Steiner’s theory was similar to some of the theories of the agricultural scientist Richard Krzymowski, who had been teaching in Breslau since 1922.[2] The environmental scientist Frank M. Rauch mentioned in 1995 the reprint of a book from Raoul Heinrich Francé, which might be another source probably used by Steiner.[3]

According to a scientific paper by Holger Kirchmann in 2021, the auras and forces mentioned by Steiner are unfamiliar to the scientific method. For instance, his statement (hypothesis) of “living forces” affecting crops cannot be tested and is thus not falsifiable. Therefore, by definition, when a hypothesis is not falsifiable, it is a vivid sign of pseudoscience. [4]

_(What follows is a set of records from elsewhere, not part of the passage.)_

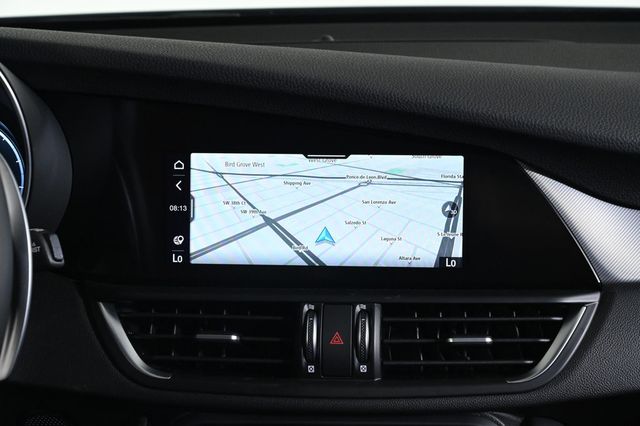 2025 Alfa Romeo Giulia Base - 22969219 - 12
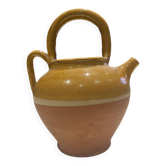 Cruche gargoulette vintage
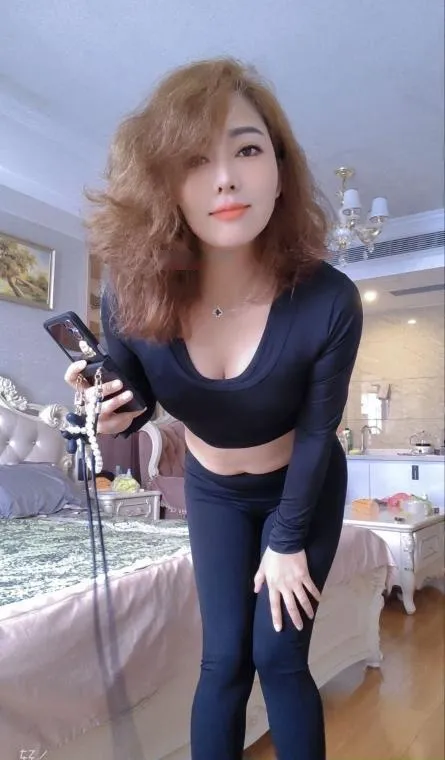 武昌少妇欢儿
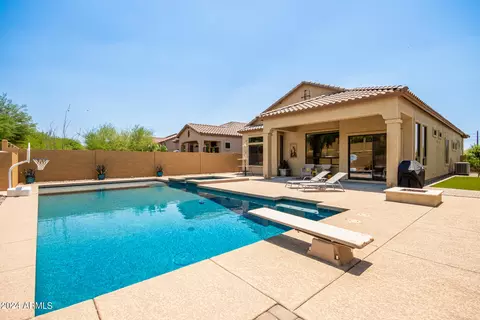 8336 E Indigo St, Mesa, AZ 85207 photo 30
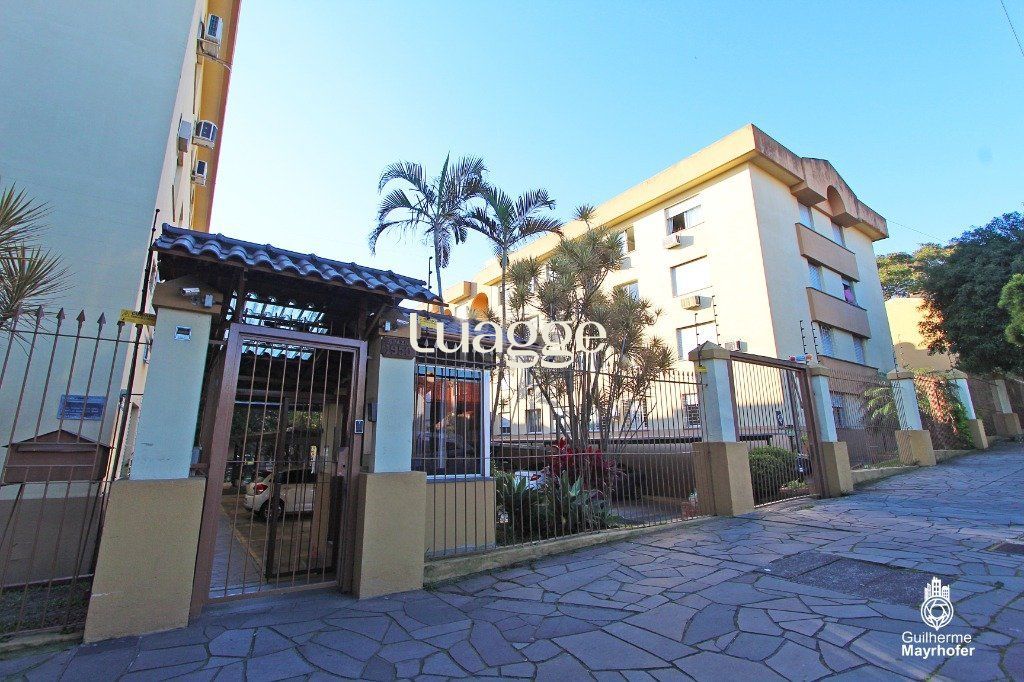 Apartamento à venda com 2 quartos, 57m² - Foto 29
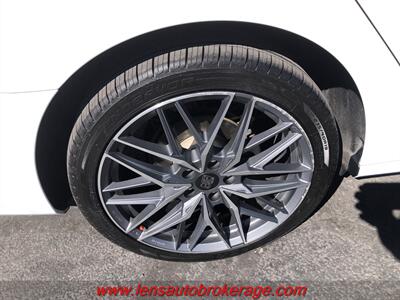 2017 Volkswagen Passat 1.8T R-Line   - Photo 25 - Tucson, AZ 85705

In 2021, a research team from the Botanical Garden and Department of Experimental and Social Sciences Education of the Faculty of Teacher Training of the University of Valencia warned about the risk of pseudoscience concerning myths or beliefs about the moon’s influence on agriculture. The findings of this scientific review of over 100 papers (including scientific articles, papers, and higher education textbooks) have been published in the journal Agronomy.[5] In this research, they found no reliable, science-based evidence for any relationship between lunar phases and plant physiology in any plant–science-related textbooks or peer-reviewed journal articles justifying agricultural practices conditioned by the moon. Similarly, no evidence from the field of physics supported a causal relationship between lunar forces and plant responses.

Therefore, based on all this scientific research, the famous agricultural practices in biodynamic farming associated with lunar phases have no scientific backing.[6]

Also read:

On this Day

1924: The famous German philosopher, Steiner, presented his theory about biodynamic farming. The theory became a basis for such farming in various countries. However, there is no scientific basis for the theory.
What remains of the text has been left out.